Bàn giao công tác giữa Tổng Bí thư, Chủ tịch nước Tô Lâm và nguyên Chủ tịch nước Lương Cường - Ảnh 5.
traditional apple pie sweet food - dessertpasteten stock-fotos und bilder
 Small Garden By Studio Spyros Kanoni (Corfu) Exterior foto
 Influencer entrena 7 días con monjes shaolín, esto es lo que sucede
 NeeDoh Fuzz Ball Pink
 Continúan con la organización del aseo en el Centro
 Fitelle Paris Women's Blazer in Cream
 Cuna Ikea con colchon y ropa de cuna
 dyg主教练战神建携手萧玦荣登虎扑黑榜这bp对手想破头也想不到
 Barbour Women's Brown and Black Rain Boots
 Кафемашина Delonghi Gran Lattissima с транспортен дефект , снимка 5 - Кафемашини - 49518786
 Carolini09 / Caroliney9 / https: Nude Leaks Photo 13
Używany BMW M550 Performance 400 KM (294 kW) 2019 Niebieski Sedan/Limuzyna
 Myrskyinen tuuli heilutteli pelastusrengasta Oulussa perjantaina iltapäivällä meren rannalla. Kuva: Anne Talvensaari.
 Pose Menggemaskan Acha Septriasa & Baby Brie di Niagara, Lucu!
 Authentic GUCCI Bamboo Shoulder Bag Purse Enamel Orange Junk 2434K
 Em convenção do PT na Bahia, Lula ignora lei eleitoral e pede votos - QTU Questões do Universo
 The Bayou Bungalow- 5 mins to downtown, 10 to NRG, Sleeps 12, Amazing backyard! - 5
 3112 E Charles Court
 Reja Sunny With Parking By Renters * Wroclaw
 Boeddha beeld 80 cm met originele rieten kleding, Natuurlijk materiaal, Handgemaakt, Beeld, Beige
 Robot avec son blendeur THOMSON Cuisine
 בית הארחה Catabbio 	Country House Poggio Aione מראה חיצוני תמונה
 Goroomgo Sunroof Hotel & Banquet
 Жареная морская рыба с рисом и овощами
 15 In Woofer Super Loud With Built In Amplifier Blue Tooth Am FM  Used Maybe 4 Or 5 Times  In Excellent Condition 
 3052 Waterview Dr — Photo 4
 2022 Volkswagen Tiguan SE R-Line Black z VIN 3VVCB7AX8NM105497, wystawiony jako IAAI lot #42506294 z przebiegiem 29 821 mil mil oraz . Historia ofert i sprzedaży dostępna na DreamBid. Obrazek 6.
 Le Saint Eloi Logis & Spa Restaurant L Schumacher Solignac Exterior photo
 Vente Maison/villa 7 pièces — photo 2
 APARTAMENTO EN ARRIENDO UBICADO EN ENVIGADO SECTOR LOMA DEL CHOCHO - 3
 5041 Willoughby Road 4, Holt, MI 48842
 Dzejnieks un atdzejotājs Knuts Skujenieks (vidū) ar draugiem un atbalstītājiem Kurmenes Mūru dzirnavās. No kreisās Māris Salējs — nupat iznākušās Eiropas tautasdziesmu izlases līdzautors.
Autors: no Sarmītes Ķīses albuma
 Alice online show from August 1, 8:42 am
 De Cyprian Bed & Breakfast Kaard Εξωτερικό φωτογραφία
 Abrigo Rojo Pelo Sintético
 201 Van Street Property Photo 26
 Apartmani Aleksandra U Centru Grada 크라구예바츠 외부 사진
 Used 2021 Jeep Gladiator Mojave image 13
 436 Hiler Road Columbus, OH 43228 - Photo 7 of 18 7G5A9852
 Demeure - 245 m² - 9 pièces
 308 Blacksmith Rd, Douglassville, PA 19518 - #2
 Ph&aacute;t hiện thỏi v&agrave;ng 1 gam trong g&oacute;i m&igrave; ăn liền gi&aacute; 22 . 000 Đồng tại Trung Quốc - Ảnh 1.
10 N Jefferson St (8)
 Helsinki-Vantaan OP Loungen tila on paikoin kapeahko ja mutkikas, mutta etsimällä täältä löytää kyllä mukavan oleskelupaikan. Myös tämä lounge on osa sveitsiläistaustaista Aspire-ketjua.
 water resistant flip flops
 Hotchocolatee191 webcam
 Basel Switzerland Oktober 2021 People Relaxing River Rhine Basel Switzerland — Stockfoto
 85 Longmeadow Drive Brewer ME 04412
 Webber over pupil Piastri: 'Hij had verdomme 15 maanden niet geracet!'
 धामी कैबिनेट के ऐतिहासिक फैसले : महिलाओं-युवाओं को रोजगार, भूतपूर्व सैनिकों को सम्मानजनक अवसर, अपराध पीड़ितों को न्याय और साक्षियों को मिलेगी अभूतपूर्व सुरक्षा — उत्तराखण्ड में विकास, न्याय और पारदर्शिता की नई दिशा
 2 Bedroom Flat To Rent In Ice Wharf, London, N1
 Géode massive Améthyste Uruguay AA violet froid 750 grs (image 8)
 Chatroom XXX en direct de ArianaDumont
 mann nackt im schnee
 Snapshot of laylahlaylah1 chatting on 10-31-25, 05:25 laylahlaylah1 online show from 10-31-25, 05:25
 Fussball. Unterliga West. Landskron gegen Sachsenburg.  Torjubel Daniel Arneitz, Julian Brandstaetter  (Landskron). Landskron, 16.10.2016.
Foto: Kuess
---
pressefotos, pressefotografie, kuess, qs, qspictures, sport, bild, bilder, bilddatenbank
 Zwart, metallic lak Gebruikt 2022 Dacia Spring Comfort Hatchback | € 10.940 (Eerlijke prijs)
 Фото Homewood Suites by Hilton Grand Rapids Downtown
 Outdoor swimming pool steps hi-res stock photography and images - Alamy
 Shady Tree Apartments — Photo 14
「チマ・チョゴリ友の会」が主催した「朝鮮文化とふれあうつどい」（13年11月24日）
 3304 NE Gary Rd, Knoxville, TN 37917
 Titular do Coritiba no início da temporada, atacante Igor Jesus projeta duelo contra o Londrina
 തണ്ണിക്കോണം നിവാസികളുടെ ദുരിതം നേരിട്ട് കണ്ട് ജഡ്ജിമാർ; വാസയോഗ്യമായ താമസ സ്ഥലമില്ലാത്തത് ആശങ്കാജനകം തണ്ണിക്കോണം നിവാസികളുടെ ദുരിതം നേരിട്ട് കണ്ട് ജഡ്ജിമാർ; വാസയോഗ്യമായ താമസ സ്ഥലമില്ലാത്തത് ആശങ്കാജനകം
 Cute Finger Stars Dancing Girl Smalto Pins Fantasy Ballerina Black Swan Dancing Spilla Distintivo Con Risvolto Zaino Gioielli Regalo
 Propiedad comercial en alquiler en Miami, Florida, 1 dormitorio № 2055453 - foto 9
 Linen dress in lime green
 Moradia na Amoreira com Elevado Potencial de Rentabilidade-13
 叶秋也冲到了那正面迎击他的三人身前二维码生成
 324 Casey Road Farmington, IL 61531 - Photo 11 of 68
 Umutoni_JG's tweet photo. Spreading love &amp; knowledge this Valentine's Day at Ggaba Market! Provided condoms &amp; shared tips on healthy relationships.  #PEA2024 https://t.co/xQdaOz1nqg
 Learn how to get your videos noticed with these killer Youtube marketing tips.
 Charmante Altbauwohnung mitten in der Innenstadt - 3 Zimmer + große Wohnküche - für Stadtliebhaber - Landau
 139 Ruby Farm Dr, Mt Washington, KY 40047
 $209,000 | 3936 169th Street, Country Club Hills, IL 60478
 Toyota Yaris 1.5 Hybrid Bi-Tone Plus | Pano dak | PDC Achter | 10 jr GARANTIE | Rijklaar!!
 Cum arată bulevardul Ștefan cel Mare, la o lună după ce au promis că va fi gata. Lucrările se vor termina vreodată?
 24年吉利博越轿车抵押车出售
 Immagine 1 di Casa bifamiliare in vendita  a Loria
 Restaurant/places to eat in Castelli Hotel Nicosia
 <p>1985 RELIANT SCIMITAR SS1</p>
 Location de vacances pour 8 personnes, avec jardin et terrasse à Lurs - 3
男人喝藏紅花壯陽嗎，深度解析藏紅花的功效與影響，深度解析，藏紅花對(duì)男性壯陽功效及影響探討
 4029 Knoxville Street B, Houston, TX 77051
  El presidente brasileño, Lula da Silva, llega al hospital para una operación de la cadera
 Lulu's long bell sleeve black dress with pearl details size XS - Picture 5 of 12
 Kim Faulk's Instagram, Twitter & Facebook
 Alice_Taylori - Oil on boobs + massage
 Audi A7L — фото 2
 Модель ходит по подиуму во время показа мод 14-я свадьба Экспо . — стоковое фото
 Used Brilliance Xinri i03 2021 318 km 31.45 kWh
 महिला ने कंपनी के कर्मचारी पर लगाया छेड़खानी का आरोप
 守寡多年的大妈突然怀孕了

## [ASSIGNMENT]
Within the listing above, locate the line containing "Location de vacances" and the line containing "4029 Knoxville Street B, Houston, TX 77051". Reproduce those two lines and all lines between them exactly, with nothing added.

## [PROBLEM SOLUTION]
 Location de vacances pour 8 personnes, avec jardin et terrasse à Lurs - 3
男人喝藏紅花壯陽嗎，深度解析藏紅花的功效與影響，深度解析，藏紅花對(duì)男性壯陽功效及影響探討
 4029 Knoxville Street B, Houston, TX 77051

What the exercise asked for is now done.